While he says that it was a conscious decision
not to let the words just pour out of him, he also says that he, “didn‘t spend
a whole lot of time thinking, ‘Am I writing as a character?“ adding, “It‘s just
what came out.“
But, whether he agrees or not, nothing is ever truly fictional: you can only write what
you know.
“For anything to be believable it has to have
‘you‘ in it,“ he says, indirectly denying the suggestion that ‘Year Zero‘ is as
much about his life as it is a futuristic setting.
Trent is happy in the way that only someone
who has returned from the brink of autoextinction can enjoy.
“And I don‘t have the darkness,“ he says in a
manner that proves his point. “I’m not ready to jump out that window. And a few
years ago I was.“
When he wrote 1994‘s ‘The Downward Spiral‘ the
demons were closing in on him. When he wrote 1992‘s ‘Broken‘ he thought his
musical career was over. During 1999‘s ‘The Fragile‘ he was trying to fight his
way out of addiction.
Each album is an accurate picture of where his
head was at that time. ‘Year Zero‘ is no different.
“I haven‘t found out the answers,“ he says,
“but I’m not at war with myself as much as I was.“
Trent goes on to admit that his troubles
continued into sobriety.
“I was a fuck up, and I had fucked a lot of
shit up — maybe even my career. So I approached ‘With Teeth‘ with kid gloves —
slightly afraid to touch it at all.

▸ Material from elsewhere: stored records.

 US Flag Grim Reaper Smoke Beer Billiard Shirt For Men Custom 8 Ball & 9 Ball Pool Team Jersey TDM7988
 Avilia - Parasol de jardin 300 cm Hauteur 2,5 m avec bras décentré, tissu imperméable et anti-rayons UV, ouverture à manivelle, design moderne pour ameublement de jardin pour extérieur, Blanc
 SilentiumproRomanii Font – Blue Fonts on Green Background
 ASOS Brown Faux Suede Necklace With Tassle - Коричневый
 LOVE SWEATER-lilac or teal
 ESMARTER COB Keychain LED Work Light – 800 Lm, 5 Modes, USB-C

I look back now and see things I wouldn‘t
do again,“ he says honestly. This lack of confidence meant he allowed too many
people to comment an the album before it was finished. “I wasn‘t in a place to
say, ‘thanks, but I disagree. This time I didn‘t let anybody in.“
Did that make you want to indulge again?
“No,“ he says honestly. “I gotta say, truly
not. When I got clean, I had really had enough. I wasn‘t thinking, ‘maybe I’ll
get clean. Maybe I’ll try out’. I spent several years making sure that I’d had
enough! I reached a point where there was no romance, no illusion of fun, so
even in dark times now, I honestly don‘t look back like, ‘ah, if I could just
he taps his arm and simulates injecting, laughing at the thought. “I’m not
saying that can‘t happen. I could walk out of here, go get a drink and within a
week I could be,“ he looks pensively out the window, “dead, or he pauses again,
“Who knows what? But I’m not interested in doing that. I’m an a path of healthiness.

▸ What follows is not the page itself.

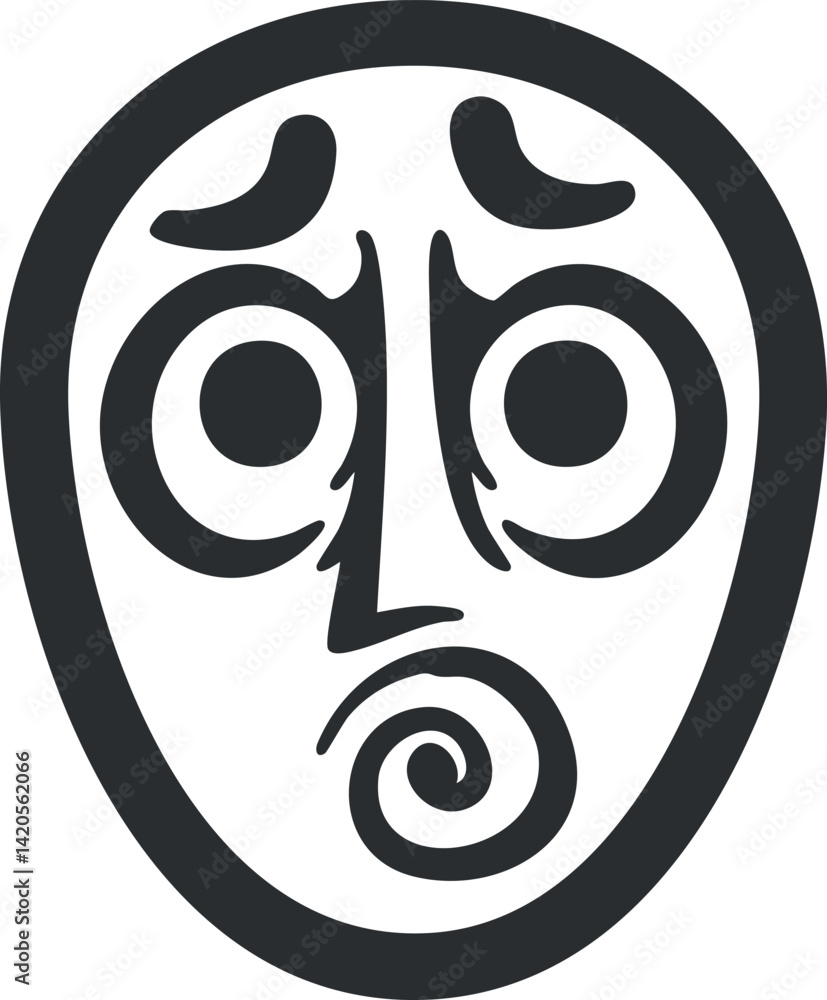 Poster a stylized graphic representation of a surprised face with exaggerated features and a spiral.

The process of working on this record has been more rewarding than any other
thing.
I fucked up relationships and my health, but I
never wanted to abuse music like that.“
It‘s hard to imagine that only a few years ago
he was knocking at death‘s door. Whatever he sees as the conceptual basis for
‘Year Zero‘, it’s about more than addiction. It‘s about a man catching himself before
going over the edge; the struggle to redefine himself. It‘s a new day for Trent
Reznor and Nine Inch Nails. Long may it continue.